Provided records
■ ■ ■
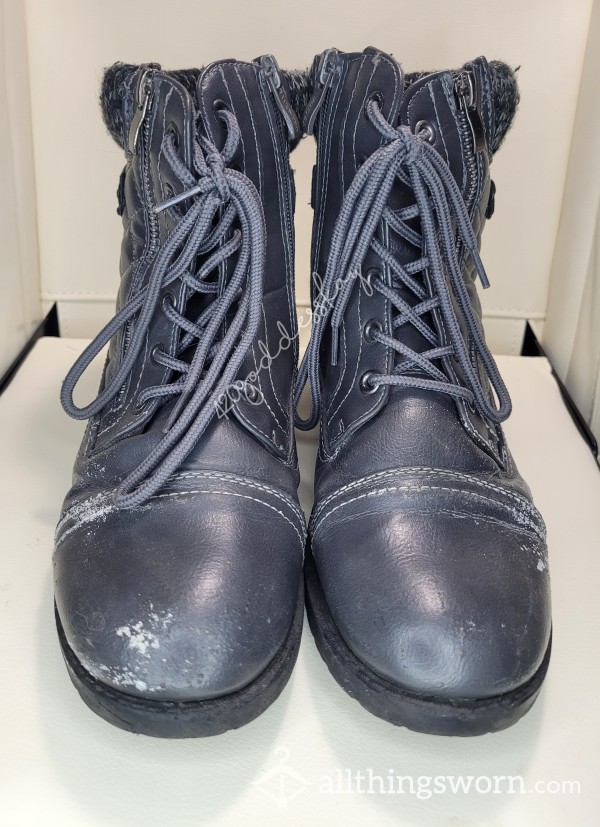 Well-Worn Boots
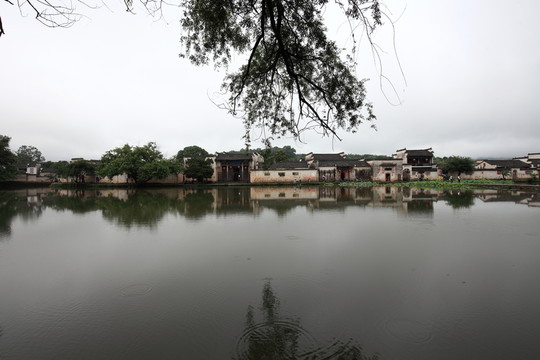 宏村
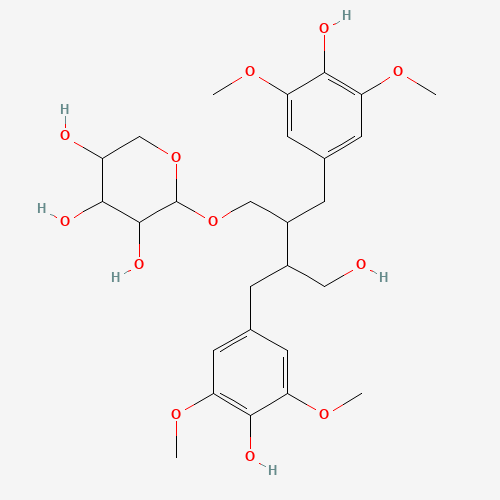 FT-0701002 CAS:126882-53-9 chemical structure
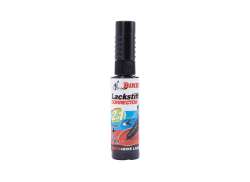 Fasi Utbedringspenn Victoria 12ml - Matt Charcoal Antrasitt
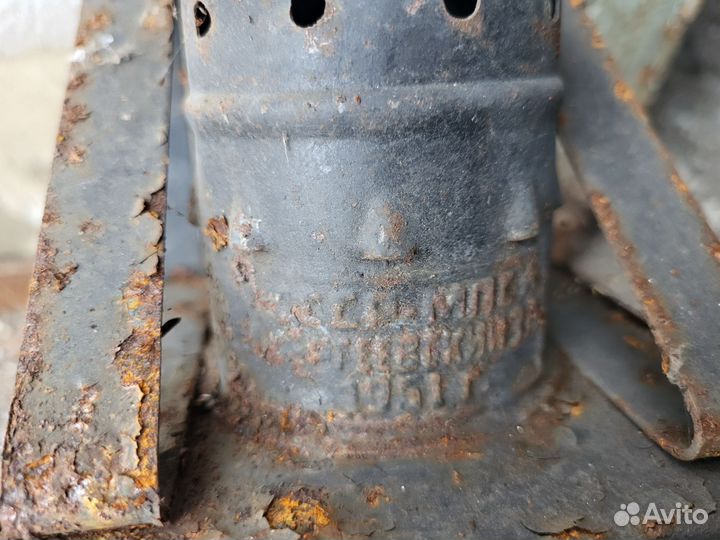 Керосиновые лампы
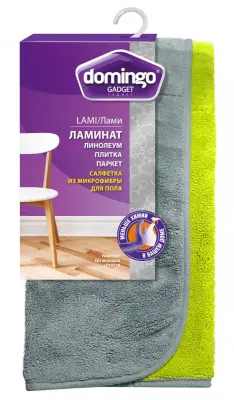 Доминго салфетка из микрофибры для лами 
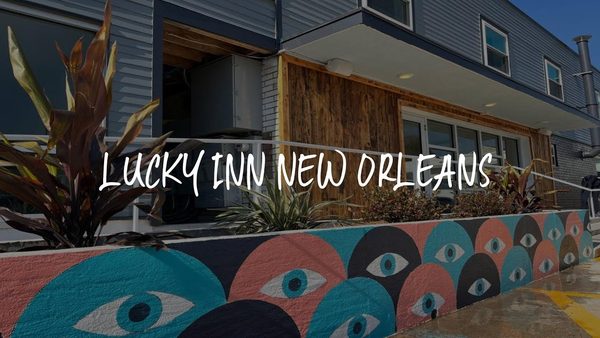 Lucky Inn — Property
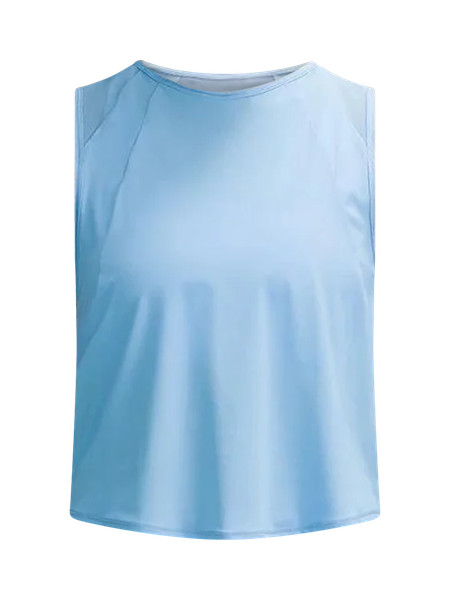 Sculpt Cropped Tank Top | Women's Sleeveless & Tank Tops | lululemon | Lululemon (US)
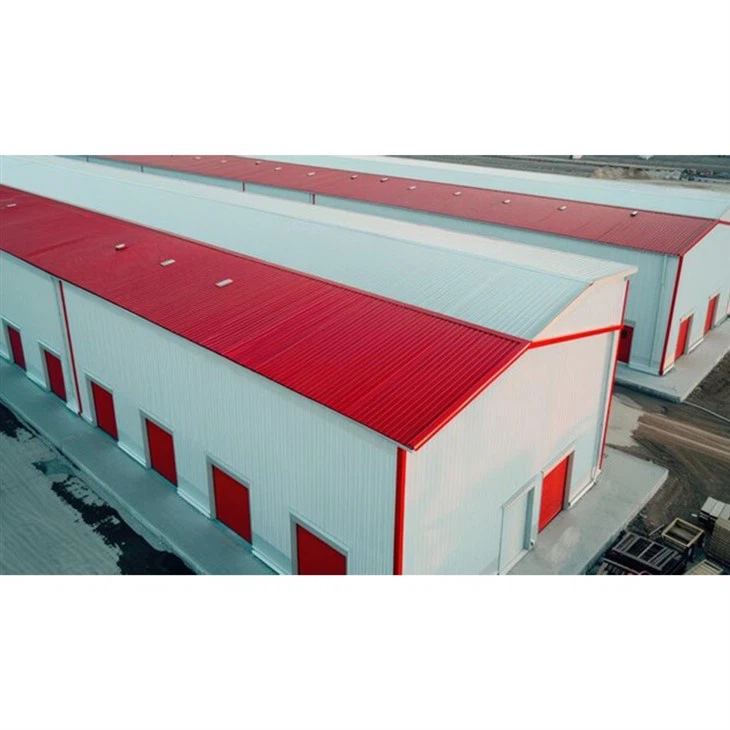 24x24 Steel Building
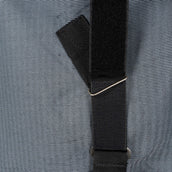 ANKY Manta de Verano ATB25004 Gris Melee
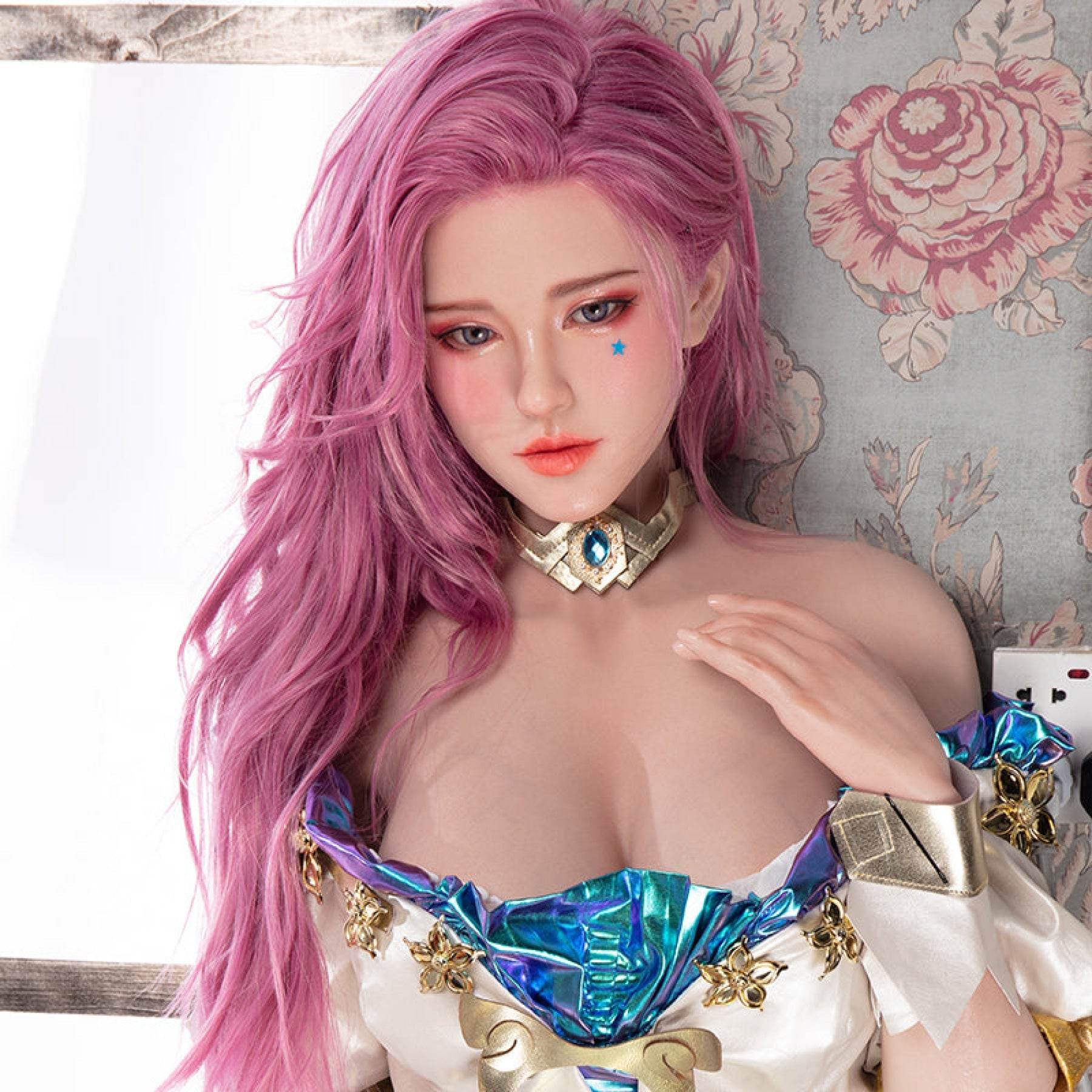 Saner TPE Body + Silicone Head Sex Doll - Starpery® [USA STOCK] - SEX LOVE DOLLS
■ ■ ■
Required action
Beginning with the line that holds "Доминго салфетка из микрофибры для лами", output each line to the end of the material above, exactly, omitting the pictures.

Written reply
 Доминго салфетка из микрофибры для лами 
 Lucky Inn — Property
 Sculpt Cropped Tank Top | Women's Sleeveless & Tank Tops | lululemon | Lululemon (US)
 24x24 Steel Building
 ANKY Manta de Verano ATB25004 Gris Melee
 Saner TPE Body + Silicone Head Sex Doll - Starpery® [USA STOCK] - SEX LOVE DOLLS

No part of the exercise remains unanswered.